Clara setzte sich auf die Couch, die Hände in den Schoß gestützt, und ich setzte mich langsam zu ihr.
„Es... es tut mir leid, Alexandre. Ich bin verwirrt. Warum das alles? Warum bist du... warum bist du dort gelandet?“
Ihre Augen waren tränenüberströmt, aber sie versuchte, nicht zu weinen. Sie wollte Antworten, genau wie ich. Aber ich wusste, dass ich ihr die Wahrheit nicht sofort geben konnte. Noch nicht.

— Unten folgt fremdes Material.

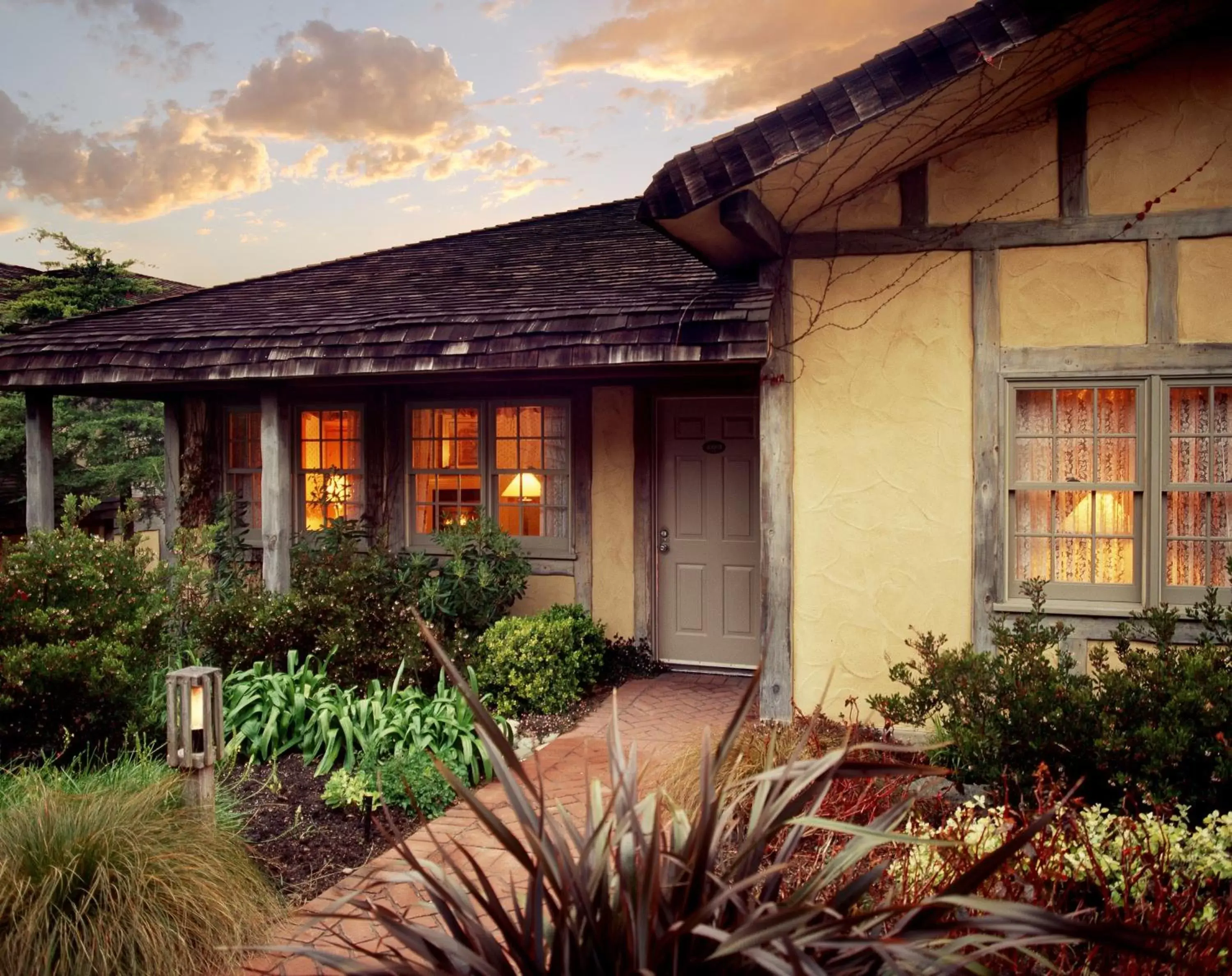 Facade/entrance, Property Building in Fogcatcher Inn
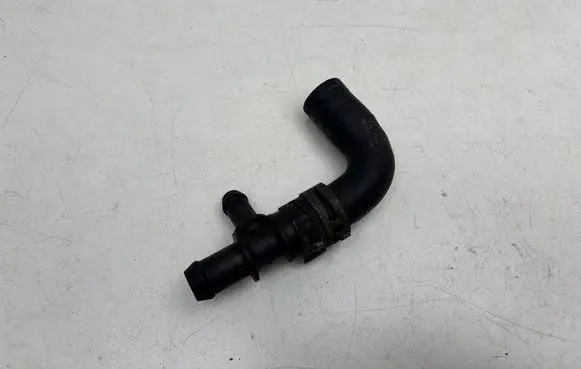 Audi Q7 4L Engine coolant pipe/hose 7L8122058A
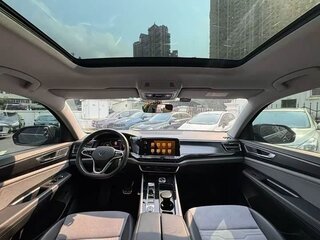 2023 Volkswagen Tharu I, чёрный, 1525333 рублей, вид 5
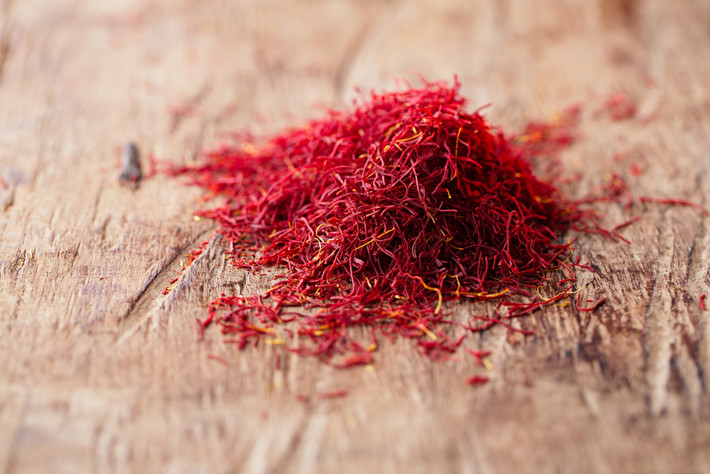 Loại gia vị đắt nhất thế giới hiện nay là nhuỵ hoa nghệ tây (hay còn gọi saffron). Nó được mệnh danh là “vàng đỏ” khi giá lên tới vài trăm triệu đồng mỗi kg.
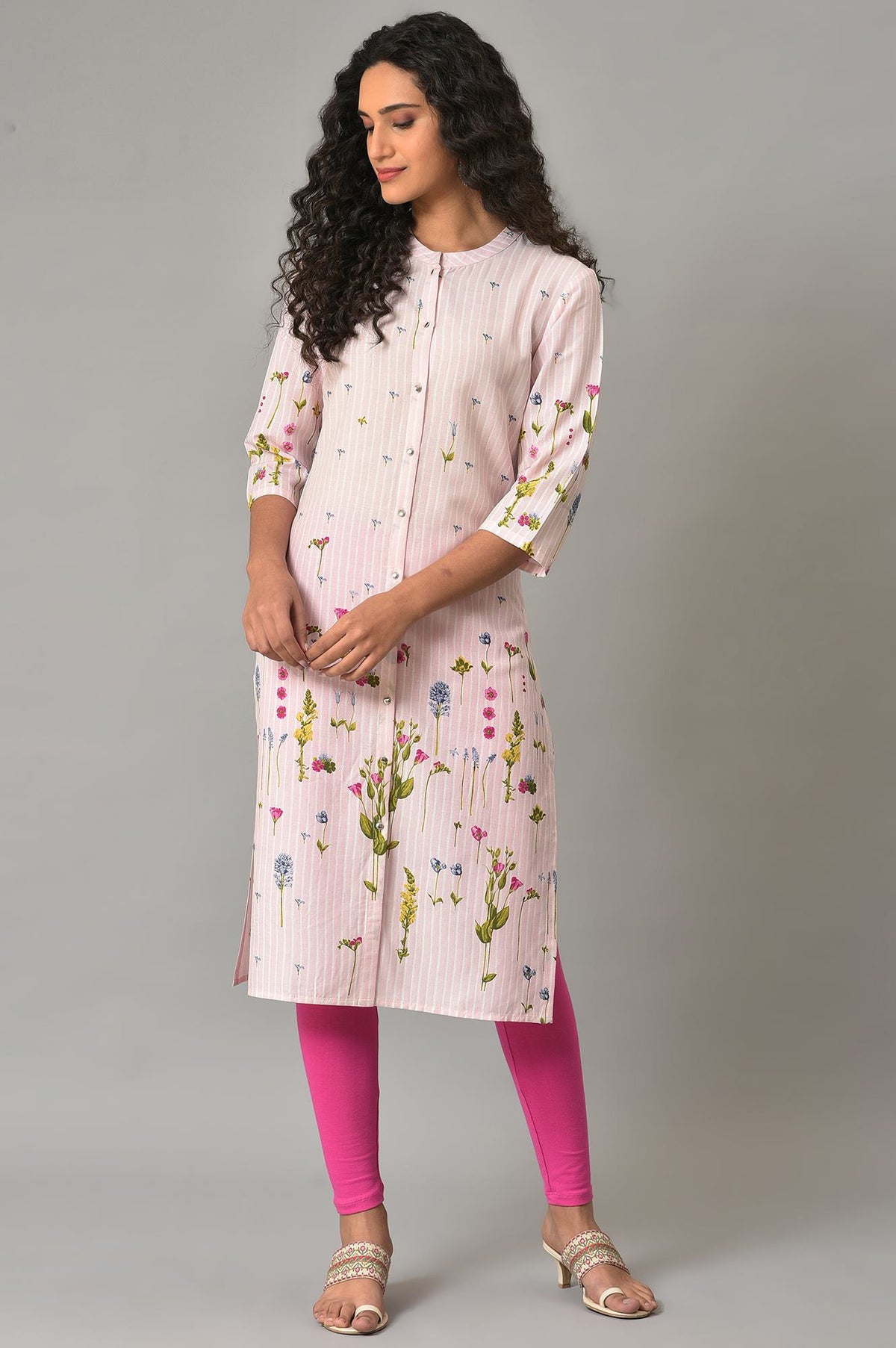 Light Pink Floral Printed Plus Size kurta In Mandarin Collar - 4XL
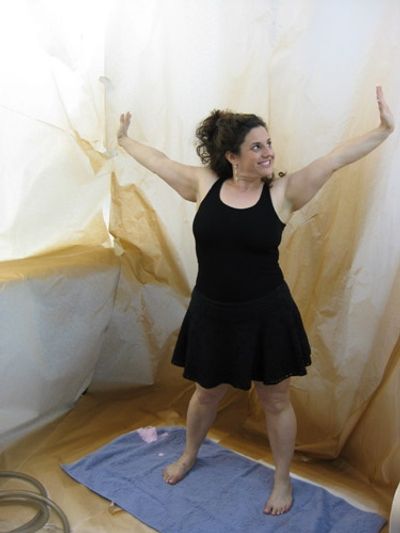 Marissa Jaret Winokur: "...then into the tanning room!!!!!" Photo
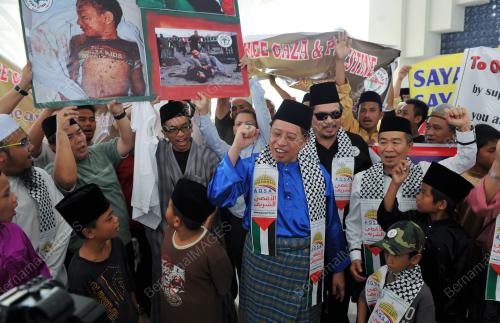 SK04_23112012_GAZA_HIMPUN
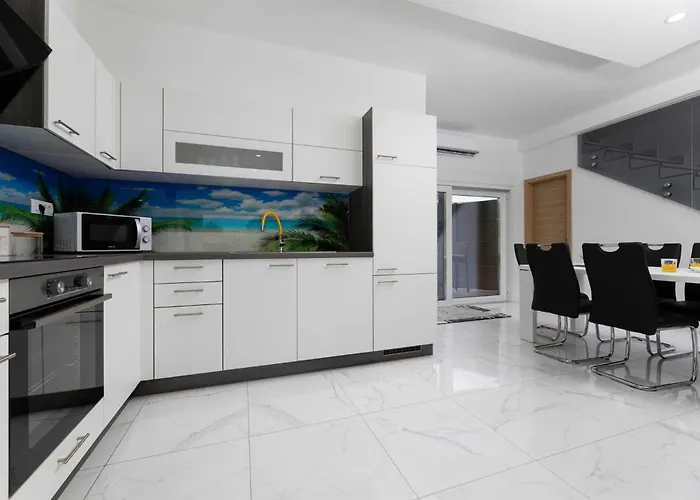 House Veroniq With Pool And Jacuzzi Holiday home *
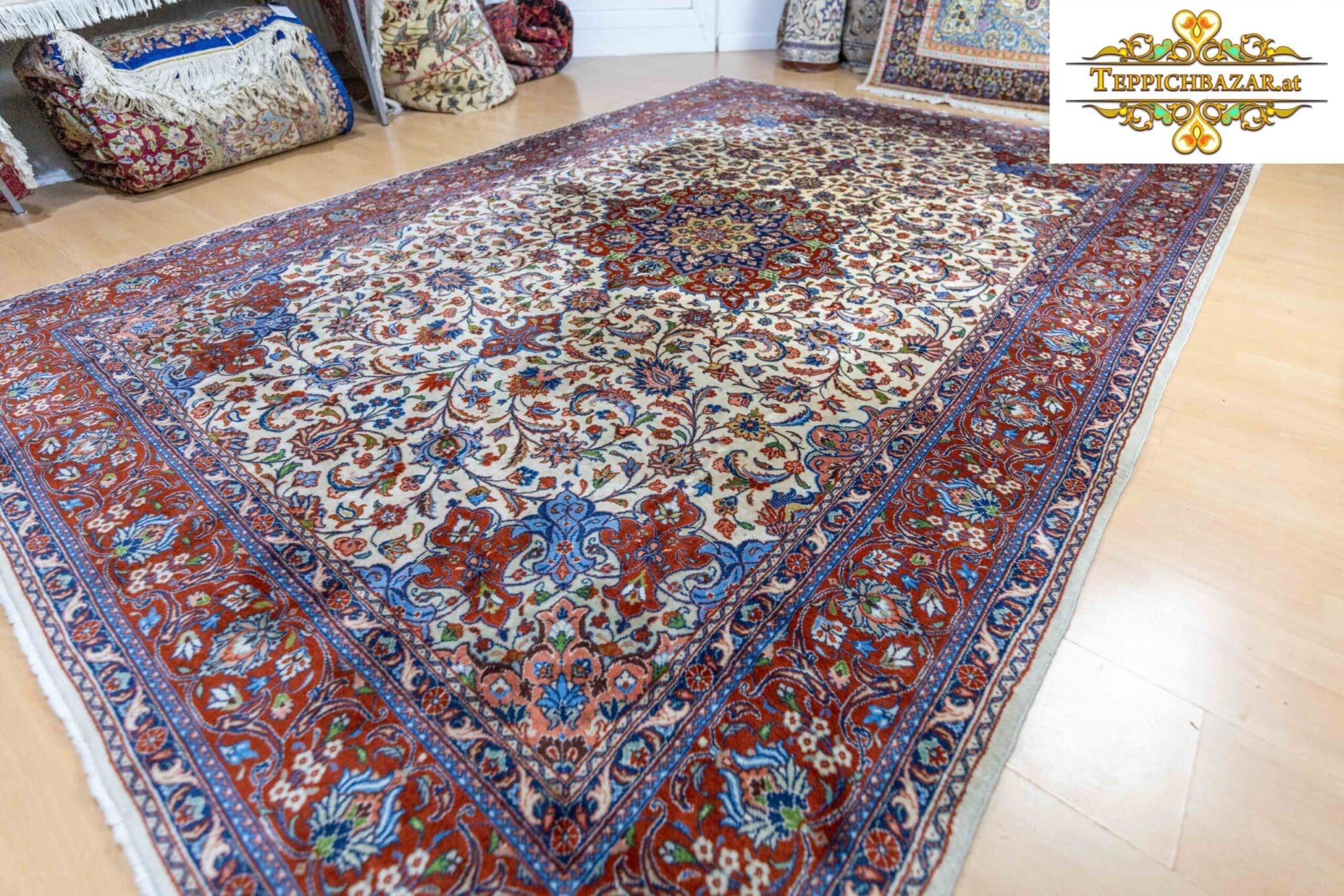 Perserteppich Isfahan 291 x 209 cm Wolle handgeknüpft (Verkauft)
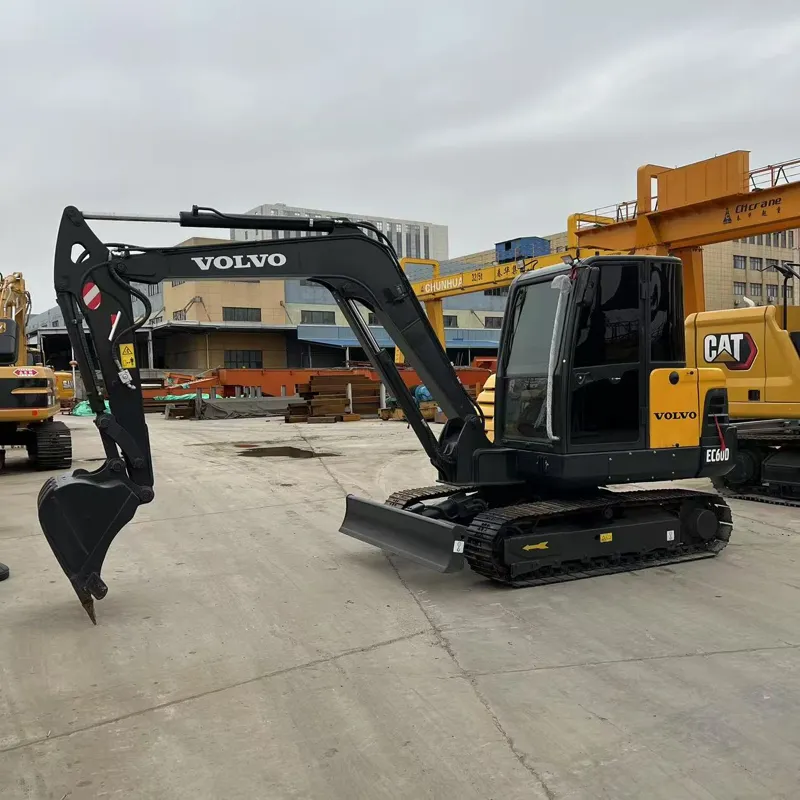 二手沃尔沃60D挖掘机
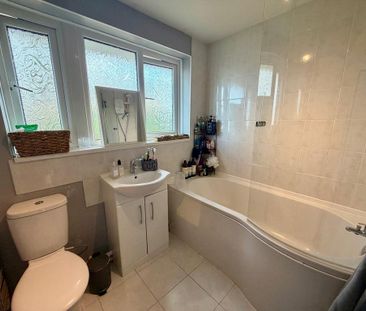 3 bedroom terraced house to rent - Photo 3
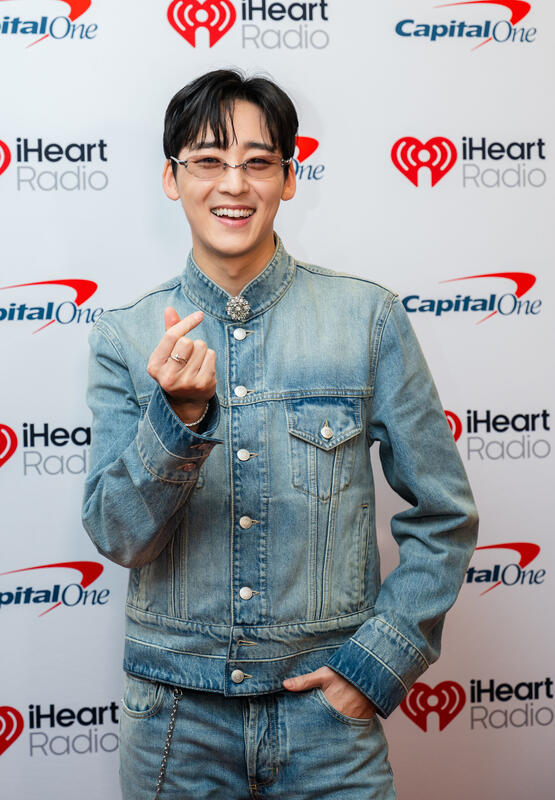 iHeartRadio 106.1 KISS FM's Jingle Ball - Arrivals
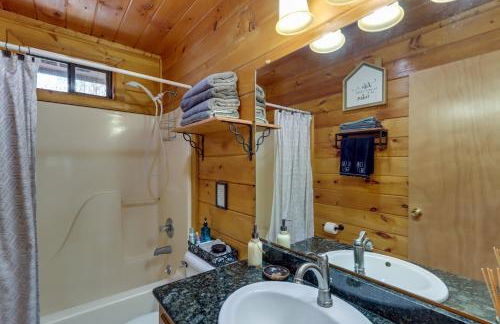 Private Hot Tub! Cherry Beary Den in Blue Ridge - Foto 17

„Ich weiß nicht ...“, antwortete ich mit langsamer Stimme, fast zu leise. “Ich habe keine Ahnung. Aber ich verspreche dir, dass ich herausfinden werde, was passiert ist. Ich werde verstehen, warum sie es getan haben.“
Ich sah, wie ein Hoffnungsschimmer in ihren Augen aufleuchtete, ein zerbrechlicher Schimmer. Sie stand langsam auf, kam auf mich zu und umarmte mich, als suche sie nach einem letzten Beweis, dass noch nicht alles verloren sei, dass das alles nur eine schlechte Phase sei. Ich streckte mich aus, wagte es aber nicht, sie wegzustoßen. Nicht jetzt. Nicht nach allem, was sie durchgemacht hatte.
Ich schloss für einen Moment die Augen und schloss die Türen meines Bewusstseins, lauschte, wie sie an mein Gedächtnis klopften, wie Wellen, die an eine einsame Küste schlagen. Aber da war eine Stimme, die mir immer wieder zuflüsterte: Du musst weitermachen. Du musst die Wahrheit herausfinden.
Und so traf ich in dieser Umarmung eine unwiderrufliche Entscheidung: Ich würde Alexander werden. Nicht nur in dieser Wohnung, nicht nur für Clara, sondern in jedem Aspekt des Lebens, das er hinter sich gelassen hatte. Ich musste seine Rolle verkörpern, seine Identität annehmen. Es war nicht nur für sie. Es war nicht nur für mich. Es war, um herauszufinden, was seinen Tod verursacht hatte.
Und diese Wahrheit werde ich herausfinden. Egal, was es mich kostet.